Lots of it - Angola is now Africa's second largest oil exporter, exceeded only by Nigeria. Angola now exports 1.7 million barrels per day, leaving the country of 19 million awash in cash.
And, given that its economy cannot absorb such a massive infusion of petrodollars, Luanda for the last five years has been quietly parking some of its surplus dollars in Portuguese assets.
The differences between the Portuguese and Angolan economies are striking. While this year economists predict that Portugal's economy may contract by as much as 2.8 percent, with unemployment soaring to 13.4 percent, leaving 27 percent of Portuguese youth without work, Angola's economy is predicted to grow by up to 12 percent.
And while in 2011 agencies downgraded Portugal's credit rating to junk status, Mercer's Cost of Living survey designated Angola's capital Luanda the most expensive city in the world for the second year in a row among the 214 cities evaluated, where a basic hotel room can cost over $450 a day.

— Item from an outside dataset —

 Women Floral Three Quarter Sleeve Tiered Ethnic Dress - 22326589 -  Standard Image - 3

Angolan companies now own four percent of the firms listed on the Euronext Lisbon Stock Exchange, and, as Portugal comes under increasing pressure from both the European Union and the International Monetary Fund to sell off state-owned assets, Angola's presence in Portugal is expected to accelerate. Setting an official seal of approval on the trend, two months ago Portuguese Prime Minister Pedro Passos Coelho visited Angola to encourage the former colony to invest in a Portuguese privatization program and said that his government would look "very favorably" on Angolan investment in its $8.9 billion privatization program and other areas.

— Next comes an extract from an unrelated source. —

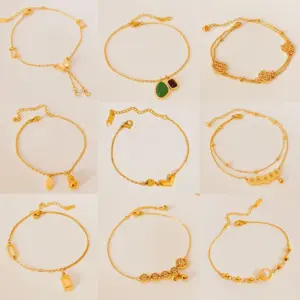 Wholesale Jewelry Casual Lady Simple Style Heart Shape Titanium Steel Gem Inlay Anklet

But this picture has a dark side. More than 70 percent of Angolans live on less than $2 a day, and the massive influx of petrodollars has fuelled equally massive corruption.
Earlier this month Human Rights Watch reported that $34 billion in oil revenues linked to Angola's state oil company Sonangol have disappeared, leading the advocacy group to demand that Angolan President Jose Eduardo dos Santos investigate.
The damning Human Rights Watch report is based on documentation issued in December by the International Monetary Fund, which determined that during the period 2007-2010 government funds were spent or transferred without being properly documented in the budget. The IMF noted that Sonangal has been the primary culprit for the fiscal irregularities since at least 2002 for losing track of billions of dollars when it "stopped channelling foreign currency receipts through the central bank as mandated by the law."
Needless to say, the reports have brought outraged denials from President dos Santos.
So, what sectors of the Portuguese economy might Sonangal, currently the biggest investor in Portugal, corporate raiders be interested in? Sonangol is now the biggest single shareholder in Millennium BCP, one of Portugal's largest listed banks and analysts believe that Sonangol could be eyeing the Portuguese GALP Energia energy company, of which 7 per cent is still owned by the state and which ironically discovered oil in Angola in the 1950s.
Other sectors of the Portuguese economy of potential interest to Sonangal include the nation's banking sector, Energias de Portugual (EDP) electricity company and perhaps the 100 percent state-owned national airline Transportes Aereos Portugueses, SGPS, S.A. (TAP) and the Navegacao Aerea de Portugal (NAV Portugal) airport navigation company, especially as Coelho during his visit to Angola stated that Angolan companies were "very welcome" to invest in upcoming sale of state holdings in TAP, the national airport operator ANA-Aerportos de Portugal and public transport companies.
For those interested in further developments, on 24 January the Portugal-Angola Chamber of Commerce and Industry (CCIP) in Lisbon will hold a dinner conference on Trade and Investment for Portuguese investors.
So, for foreign investors, what to chose? An old European nation state teetering on the verge of bankruptcy or a rising Third World petro-state awash in both oil and corruption?
A tough call, but, as always, caveat emptor.